Avere Systems, a company specializing in Demand-Driven Storage solutions, announced that investors have contributed an additional $17 million in funding bringing total investment in the company to $32 million and enabling it to expand production and distribution of its FXT Series appliances that accelerate the performance of network attached storage environments. Led by Tenaya Capital, the Series B funding round also includes original investors Menlo Ventures and Norwest Venture Partners.
The Avere FXT Series contains both solid-state storage and traditional spinning media. Reads, writes, and metadata are allocated to storage media via Avere’s approach to dynamic tiering. Allocation algorithms running on the FXT appliances monitor access frequency patterns and workload type and manage data placement on multiple internal tiers to help increase performance, distribute workload in the cluster and minimize requests to the mass storage server.
Each FXT Series hardware platform contains DRAM and NVRAM to accelerate the performance of active data. The most active data is stored in the 64GB bank of DRAM within each FXT appliance. Write performance is accelerated and protected by 1GB of NVRAM provided per appliance. Each appliance also contains 8 15k SAS HDDs or 8 SLC Flash SSDs to support large application working sets. The FXT Series is offered in three models, FXT 2300, FXT 2500, and FXT 2700, each available with 2 10GbE and 2 1GbE or 10 1GbE networking ports.
Movement of data occurs in real-time, and occurs at the file-level or block-level within a file. All of it is done automatically by the system. In the past few months, Avere has closed deals with companies like Sony Pictures Imageworks and GX Technology. In July, the company joined the VMware Technology Alliance Partner (TAP) program. The VMware TAP program helps technology vendors integrate their products with VMware virtualization software and deliver timely, joint solutions to mutual customers.

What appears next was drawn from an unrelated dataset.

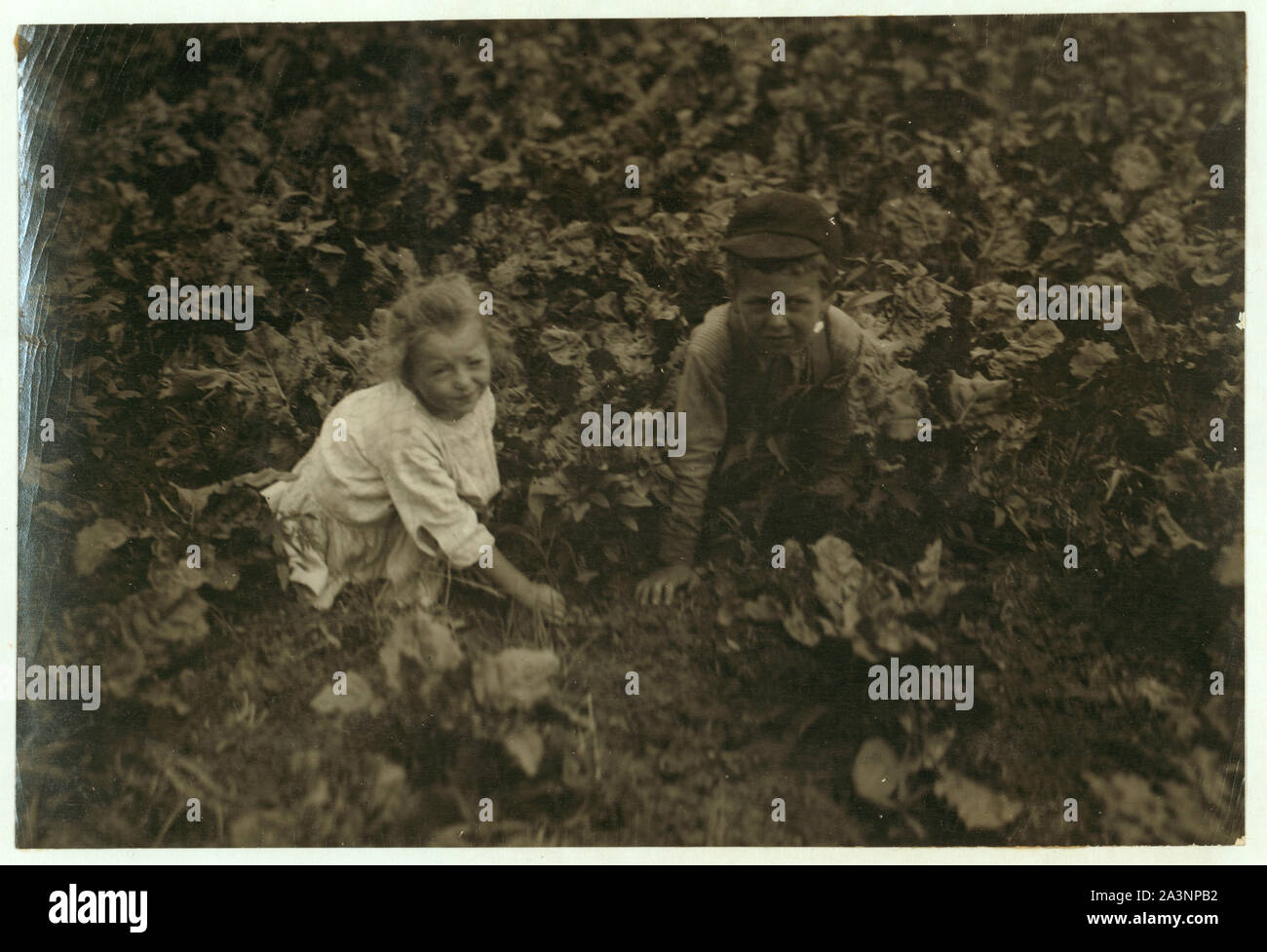 Six ans, Henry et trois ans, Hilda, betterave les travailleurs sur une ferme du Wisconsin. Voir rapport Hine, Wisconsin le sucre de betterave, en juillet 1915. Banque D'Images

Brian Paul, managing director of Tenaya Capital, is joining the Avere Systems board. “Avere has proven to be a company that simply cannot be ignored. We have been watching Avere closely since they entered the market and we are very excited about their disruptive technology and the value they bring to customers,” Paul said. “I look forward to joining the company’s Board of Directors and helping Avere to continue to deliver superior business results.”
Ron Bianchini, co-founder and CEO of Avere, said while the company was not actively looking for additional funding in the company, they jumped at the opportunity to bring on a partner like Tenaya Capital. “We’re very pleased that we can continue to expand our efforts to introduce dynamic tiering to enterprise storage customers,” he said.